GEÇTİĞİMİZ YILLARIN EN ÖNEMLİ 12 ARAP ROMANI
Turan KIŞLAKÇI
Son yıllarda dünyada romanlar büyük bir revaç görüyor. Modern romanlardaki sayı artışı, aynı zamanda klasik romanların yeniden raflara geri dönüşünü sağladı. Fransız edebiyatından Rus edebiyatına, İspanyol edebiyatından İngiliz edebiyatına ve hatta Çin, Hint ve Japon edebiyatına kadar roman satışlarında yaşanan bu büyük patlama, herkesin dikkatini celp etmektedir. Bu intişarın nedeni, küreselleşen dünyamızdaki insanların farklı kültürleri tanıma güdüsü mü, yoksa farklı arayışlar mı bunu söylemek için henüz çok erken. Çünkü etkenlerin çokluğu ve bölgeden bölgeye değişiklik arz etmesi romana olan bu yoğun ilginin nedenini henüz tam ortaya koyamamaktadır nazarımızda. Ama şu bir hakikat ki, insanoğlu ilk günden beri hikâyelerle kendi hakiki öyküsünün arayışı içinde devinim göstermektedir.

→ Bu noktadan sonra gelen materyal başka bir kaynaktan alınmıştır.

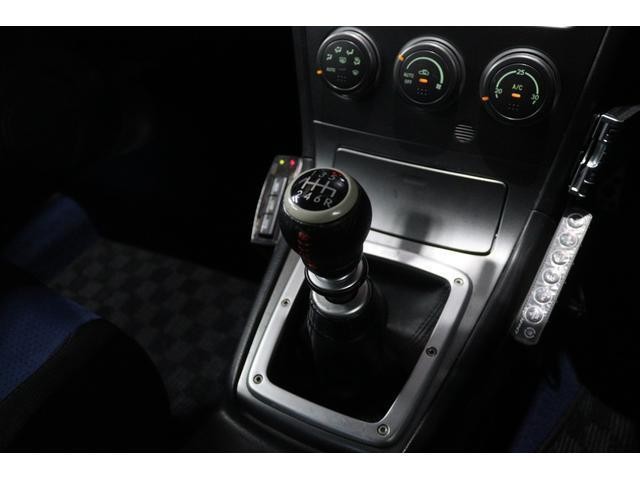 025af6e95eaf30aa1be79b94e897cf99.jpg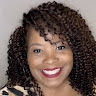 Valencia Joseph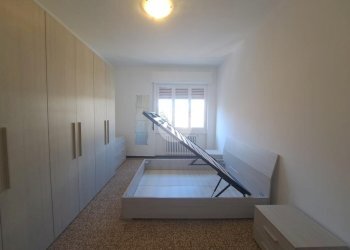 Appartamento Via Carlo Armellini, Milano (zona Affori) - foto 14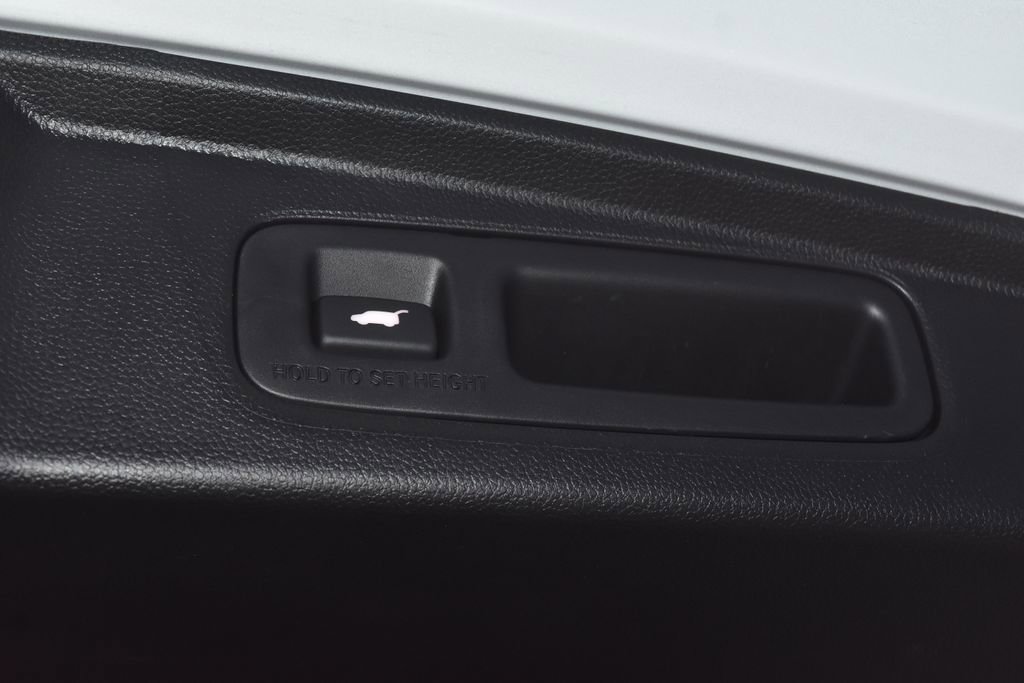Used 2024 Honda CR-V EX-L image 38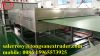 pp corrugated sheet pr...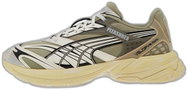 Puma x PLEASURES Velophasis Overdyed Beige, EU 44 / 285 mm - Tenisky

Dünyanın birçok yerinde olduğu gibi, Arap dünyasında da son zamanlarda romana çok büyük bir ilgi var. Arap yazarlar arasında, roman yazarlarının sayısı da her geçen gün artmaktadır. Geçen yüzyılda Mısır eksenli olan Arap romanı bugün maşrık, mağrip ve Körfez bölgelerinde daha hızlı bir yaygınlık gösteriyor.

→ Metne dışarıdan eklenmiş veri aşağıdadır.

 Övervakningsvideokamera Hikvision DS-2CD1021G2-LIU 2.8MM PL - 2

Zengin Arap yazın geleneğine rağmen, Batı’da bilindiği şekliyle roman, Araplar için yeni bir formdur. 18. yüzyılın ortalarında gelişmeye başlayan Arap romancılığının geçen yüzyıldaki önemli isimleri arasında Tevfik el-Hakim, Halil Cibran, Mustafa Lütfi el-Menfaluti, M. Sadık er-Rafiî, Mihail Nuayme, İbrahim Nasrullah, Necib Mahfuz, Gassan Kenefani, Cemal Gitani, Elias Khoury, Seyyid Kutup, Taha Hüseyin, Abbas Mahmud Akkad, Emile Habibi, Necip el-Kiylani, Corci Zeydan, Muhammed Teymür, Meryem Ziyada vb. birçok isim bulunmaktadır.

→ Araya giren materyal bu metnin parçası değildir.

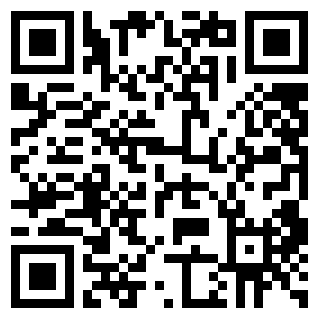 icon QR code
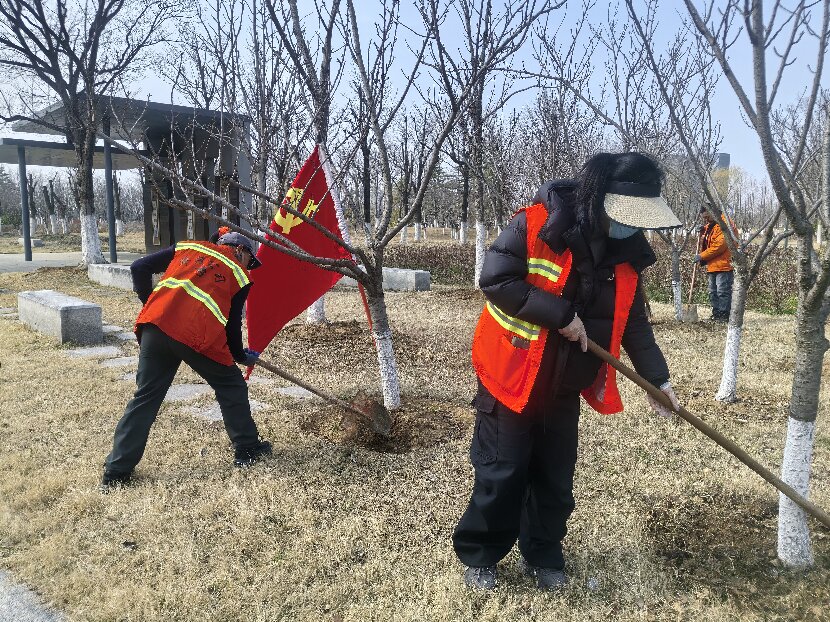 上網3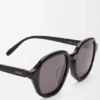 Gafas de sol Alpha Slim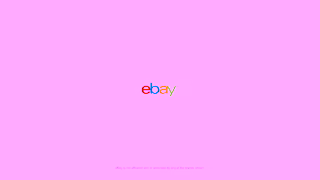 eBay The Collectors 15 Chlo Hayden Paolo Ad Commercial Brand Imagery Photoshoot 2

Geçen yüzyıldaki Arap romanlarında hikâye, özyaşamöyküsü, fabl ve pastiş tarzı daha çok hâkimdi. Fakat son yıllarda Batı tarzı romancılık yaygınlık kazanmıştır. Filistinli ünlü düşünür Edward Said, Arap romanını tanımlarken şunları not düşer: “Okuyucusunu ve yazarlarını, yüzyılımızın büyük sosyal ve tarihsel kargaşalarına bulaştırıp zafer ve yenilgilerini paylaşmasını sağlayan dolu dolu bir formdur.”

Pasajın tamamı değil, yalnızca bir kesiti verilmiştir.